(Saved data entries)
──────
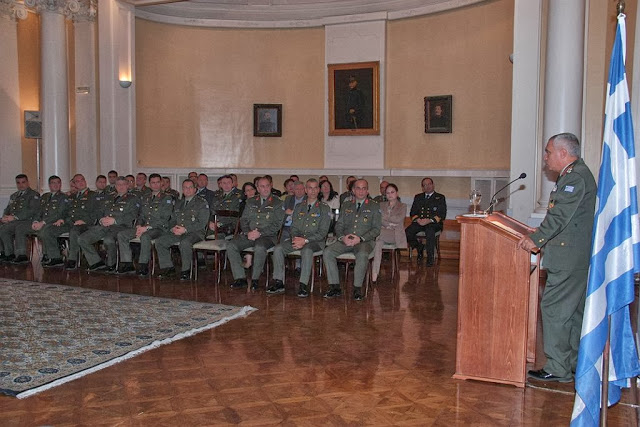 ΠΡΟΓΡΑΜΜΑ ΕΠΙΜΟΡΦΩΣΗΣ ΣΤΕΛΕΧΩΝ ΕΝΟΠΛΩΝ ΔΥΝΑΜΕΩΝ - Φωτογραφία 3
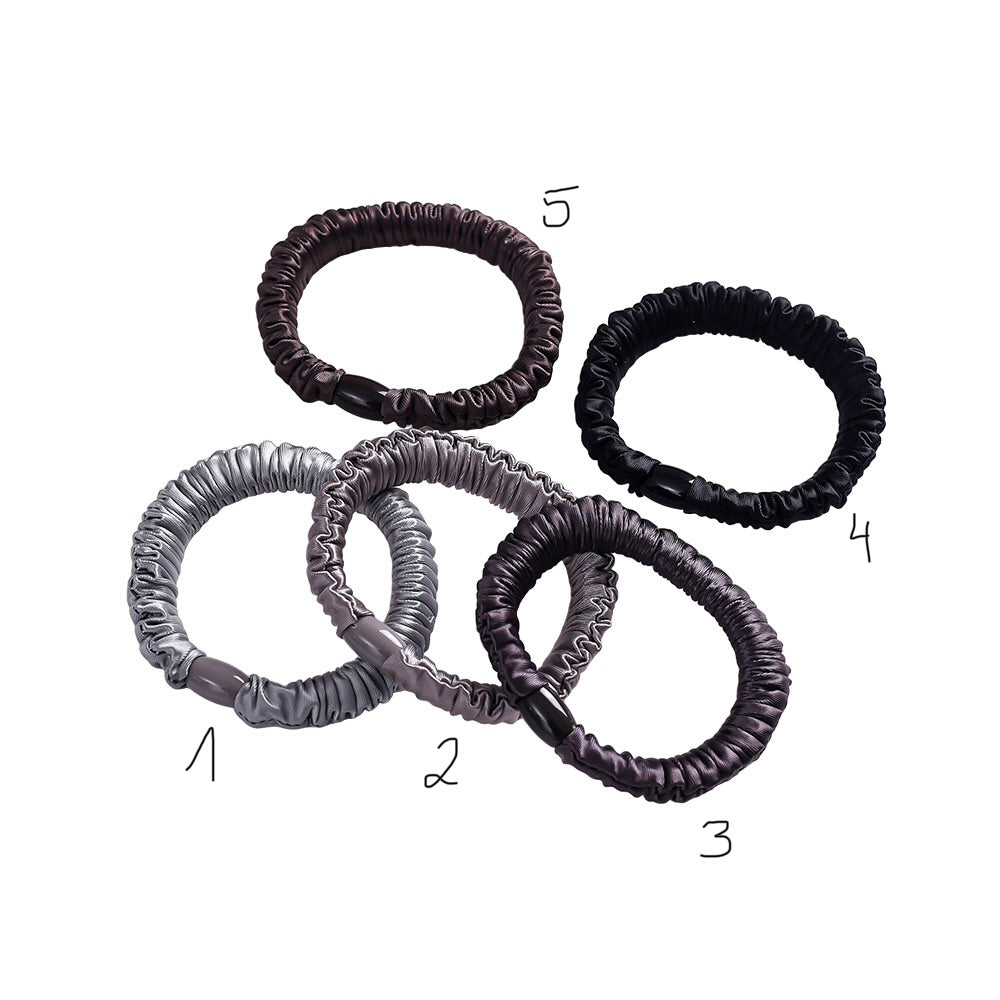 ⊹ SILK Scrunchies Black Edition ⊹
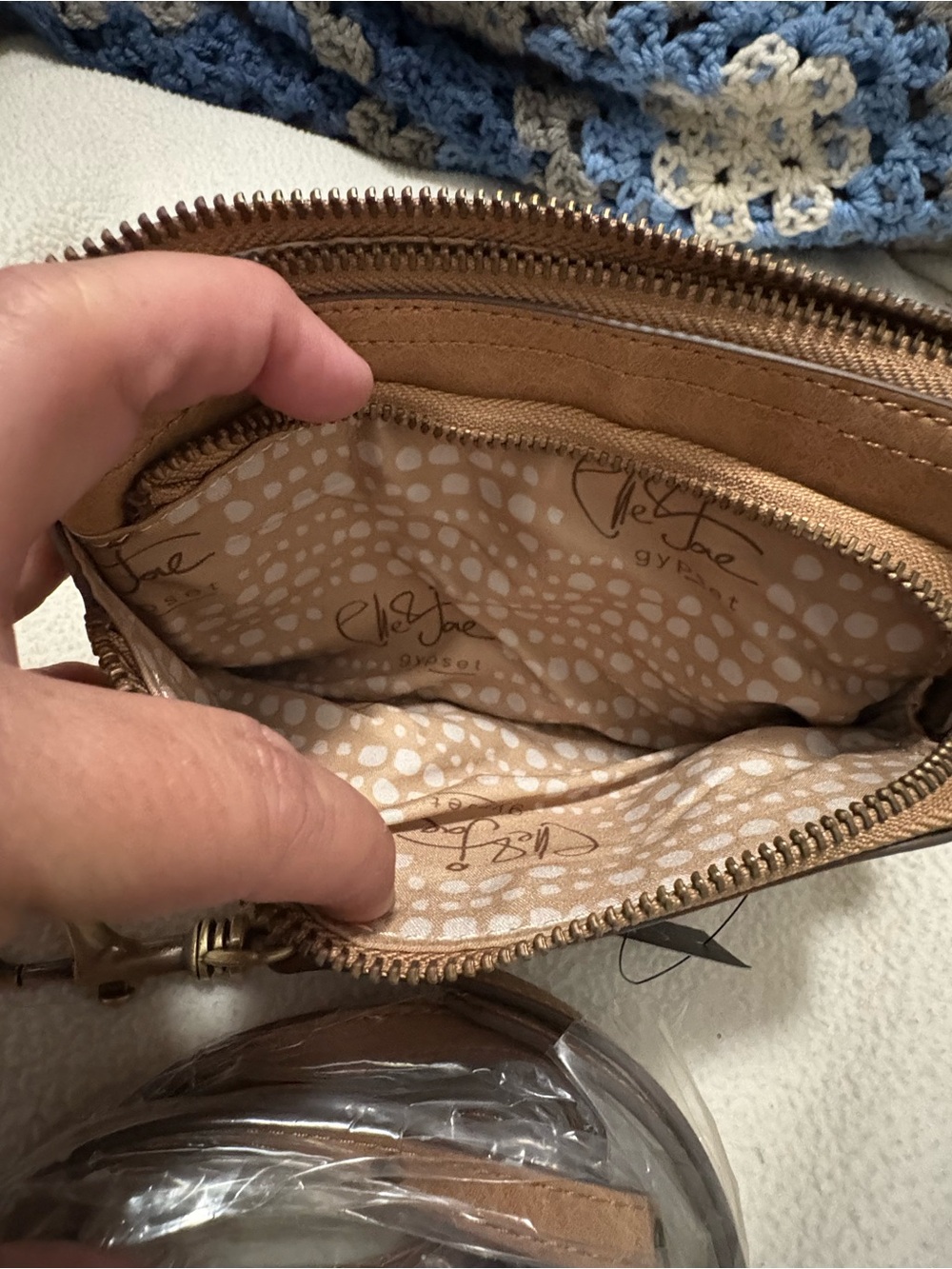 Elle Jae WAIMEA BAY WRISTLET IN SPARROW - Picture 4 of 9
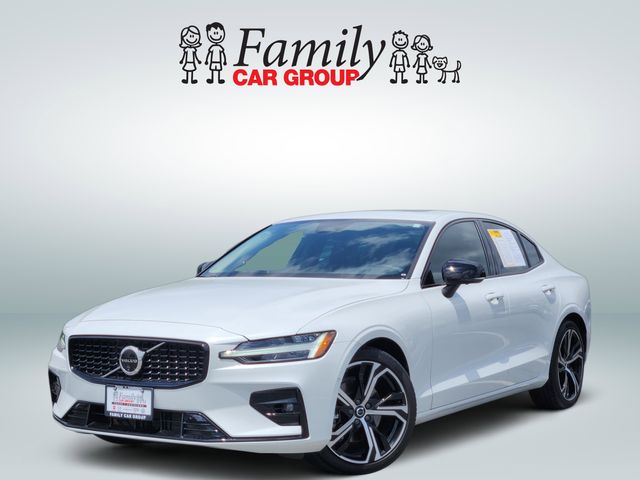 Crystal White Metallic 2024 Volvo S60 B5 Plus Dark Theme AWD Sedan All-Wheel Drive Automatic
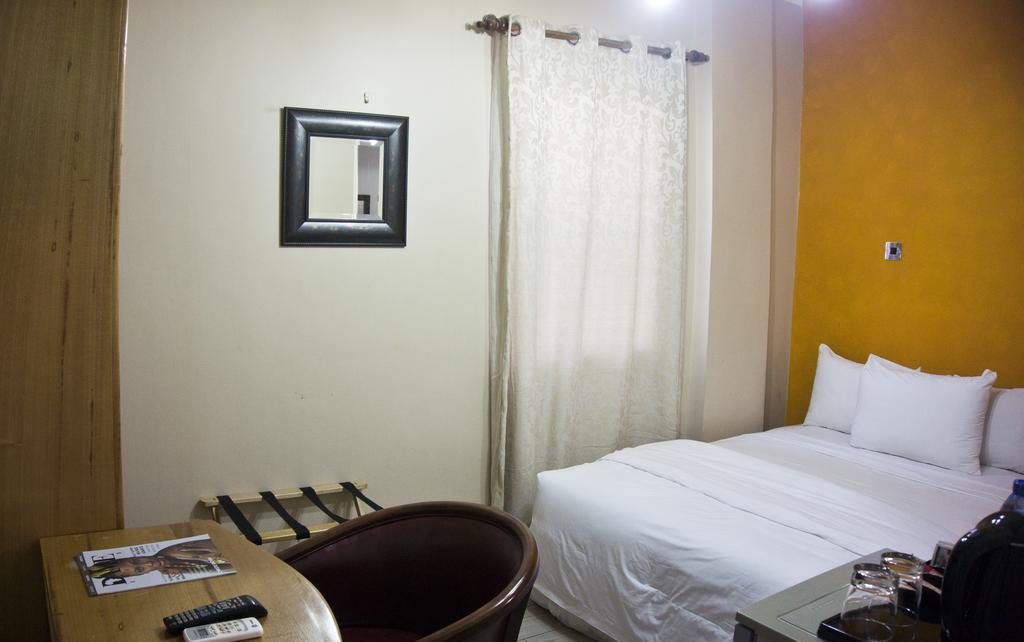 Tropical Enclave Hotel Akra Dış mekan fotoğraf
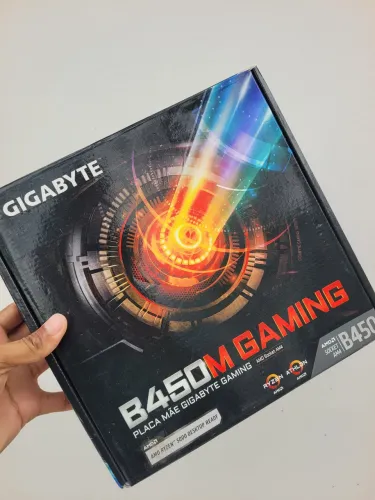 Placa-Mãe Gigabyte B450M Gaming ( já atualizado de fábrica)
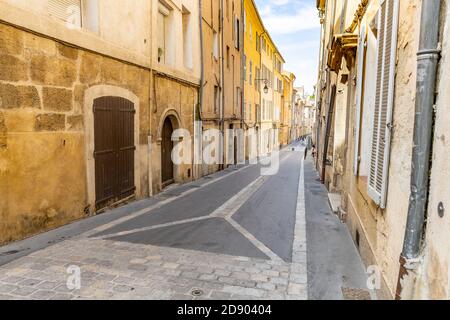 Guardando attraverso il piccolo villaggio francese corsia. Strada medievale in Francia Foto Stock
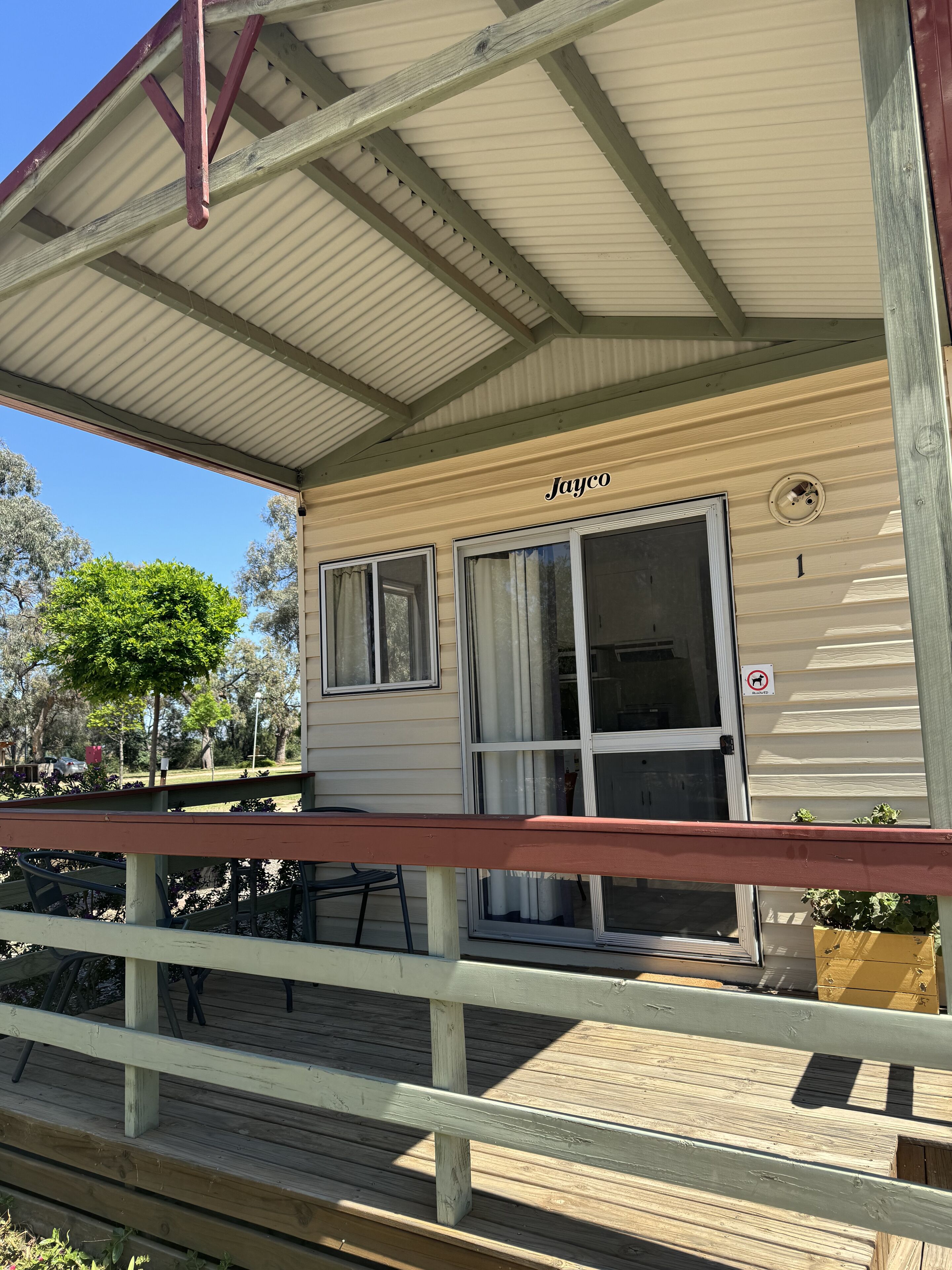 المنشأة من الخارج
──────
Output the entries above verbatim, leaving out images.

 ΠΡΟΓΡΑΜΜΑ ΕΠΙΜΟΡΦΩΣΗΣ ΣΤΕΛΕΧΩΝ ΕΝΟΠΛΩΝ ΔΥΝΑΜΕΩΝ - Φωτογραφία 3
 ⊹ SILK Scrunchies Black Edition ⊹
 Elle Jae WAIMEA BAY WRISTLET IN SPARROW - Picture 4 of 9
 Crystal White Metallic 2024 Volvo S60 B5 Plus Dark Theme AWD Sedan All-Wheel Drive Automatic
 Tropical Enclave Hotel Akra Dış mekan fotoğraf
 Placa-Mãe Gigabyte B450M Gaming ( já atualizado de fábrica)
 Guardando attraverso il piccolo villaggio francese corsia. Strada medievale in Francia Foto Stock
 المنشأة من الخارج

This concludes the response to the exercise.